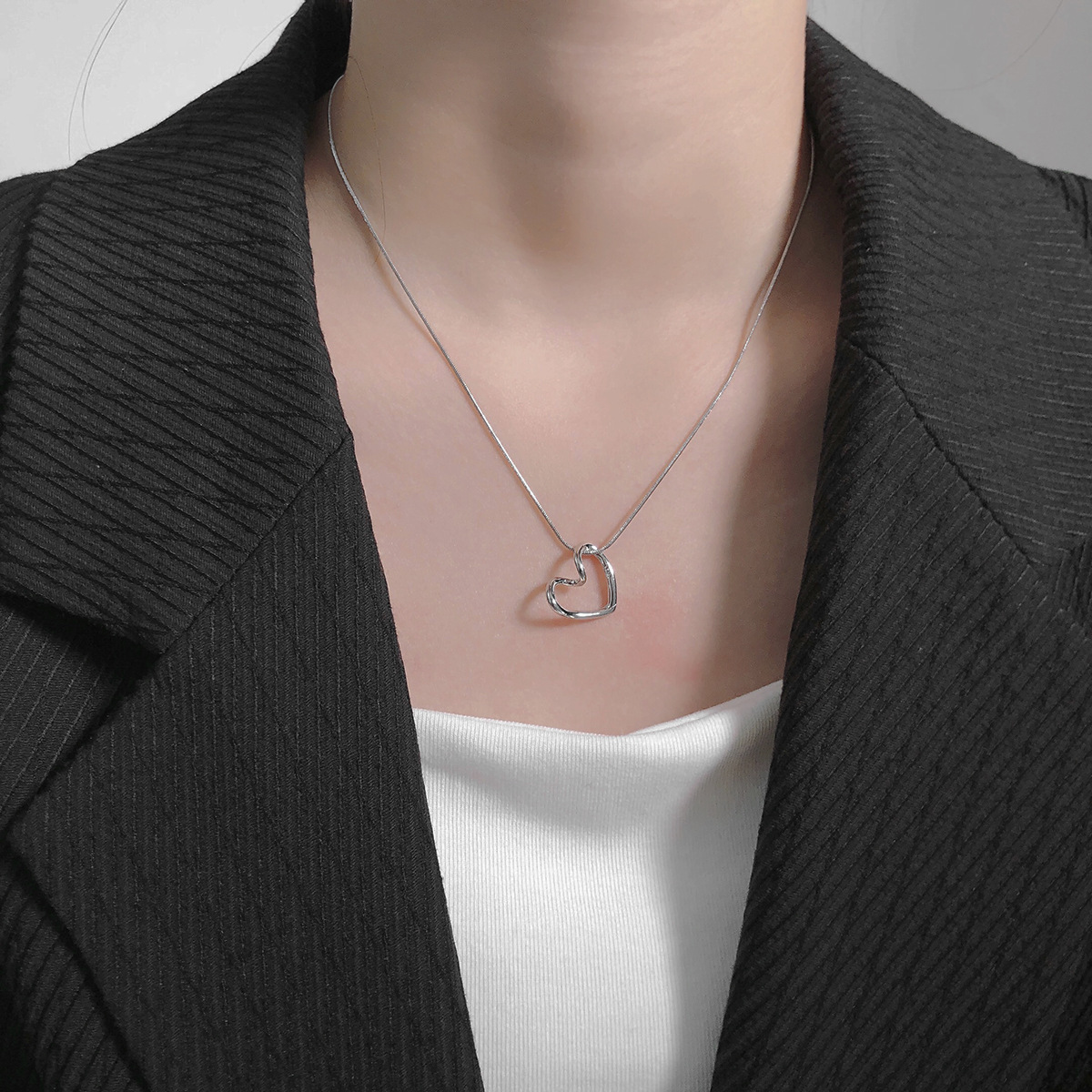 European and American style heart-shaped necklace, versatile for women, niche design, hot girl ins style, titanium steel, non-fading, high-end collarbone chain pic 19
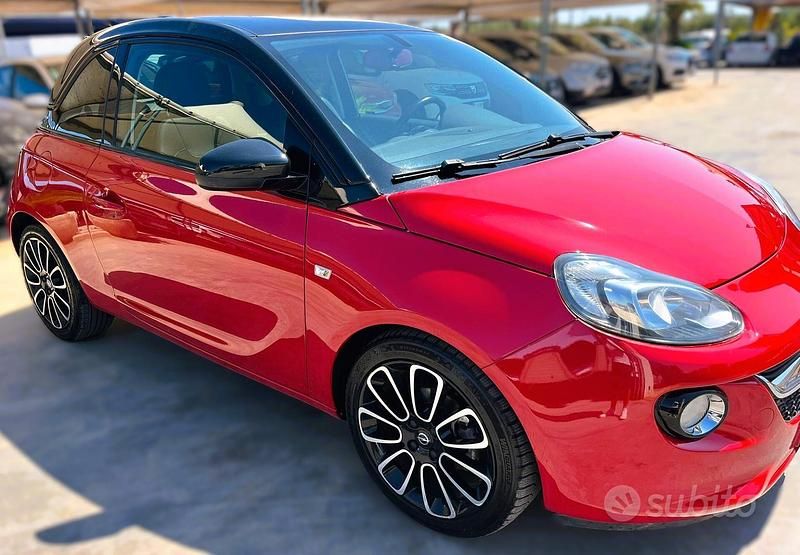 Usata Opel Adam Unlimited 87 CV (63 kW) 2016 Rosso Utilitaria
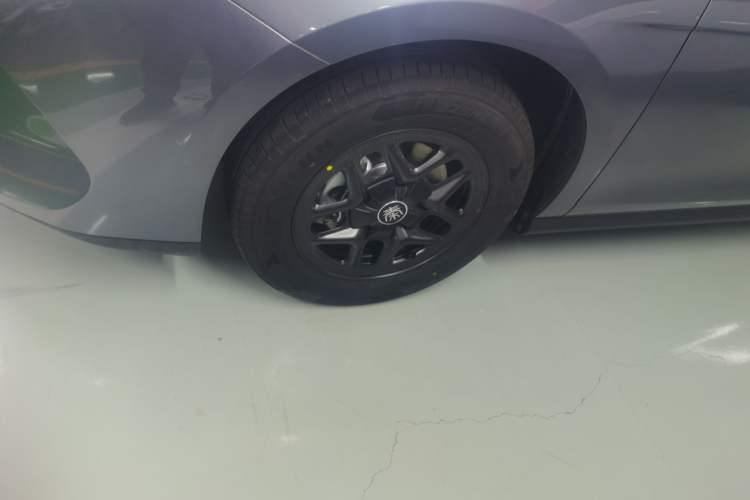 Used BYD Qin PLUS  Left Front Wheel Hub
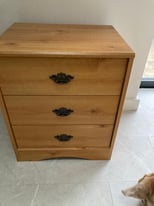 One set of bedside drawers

[YOUR INSTRUCTIONS]:
Repeat the listing in full and to the letter, excluding every image.

[ANSWER AREA]:
 European and American style heart-shaped necklace, versatile for women, niche design, hot girl ins style, titanium steel, non-fading, high-end collarbone chain pic 19
 Usata Opel Adam Unlimited 87 CV (63 kW) 2016 Rosso Utilitaria
 Used BYD Qin PLUS  Left Front Wheel Hub
 One set of bedside drawers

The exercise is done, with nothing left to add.